Improving the efficiency of virtual screening by filtering ligands conformations through a new shape-matching algorithm.
Basciu B., Venanzi N.A.E., Manganelli B., Malloci G., Dikicioglu D., Ruggerone P., Bosin A., Vargiu A.V.
Modern drug design relies crucially on the accurate knowledge of the structures formed by a putative drug with its receptor(s). Computational methods such as molecular docking, which aims to reproduce drug-receptor complexes in silico, have become established tools in this context. Unfortunately, the accuracy of docking is severely constrained by conformational changes taking place upon binding, which are rarely considered by standard methods. Recently, we proposed "EDES", a new computational protocol able to generate bound-like conformations of several protein targets.
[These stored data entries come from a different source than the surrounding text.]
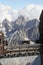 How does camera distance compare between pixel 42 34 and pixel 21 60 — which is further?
pixel 21 60

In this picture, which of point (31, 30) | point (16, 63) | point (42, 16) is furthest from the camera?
point (31, 30)

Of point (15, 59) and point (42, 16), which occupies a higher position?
point (42, 16)

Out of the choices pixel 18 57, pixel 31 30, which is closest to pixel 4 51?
pixel 18 57

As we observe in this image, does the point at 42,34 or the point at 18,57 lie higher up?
the point at 42,34

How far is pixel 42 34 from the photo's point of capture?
23.2 feet

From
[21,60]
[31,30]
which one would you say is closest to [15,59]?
[21,60]

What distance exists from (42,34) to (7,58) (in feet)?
76.9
Accurate description of ligand flexibility is equally crucial, particularly in a virtual screening (VS) context where structures of thousands of ligands are generated without considering any structural adaptation functional to binding. To address this issue, we developed a strategy to select, from a set of ligand structures, only those that snugly fit into the binding site of a receptor. We tested the method on the DUD-e dataset, widely employed to benchmark VS pipelines. Coupled with EDES, our method predicted the true complex structure of all the systems tested while saving a large fraction of computational time.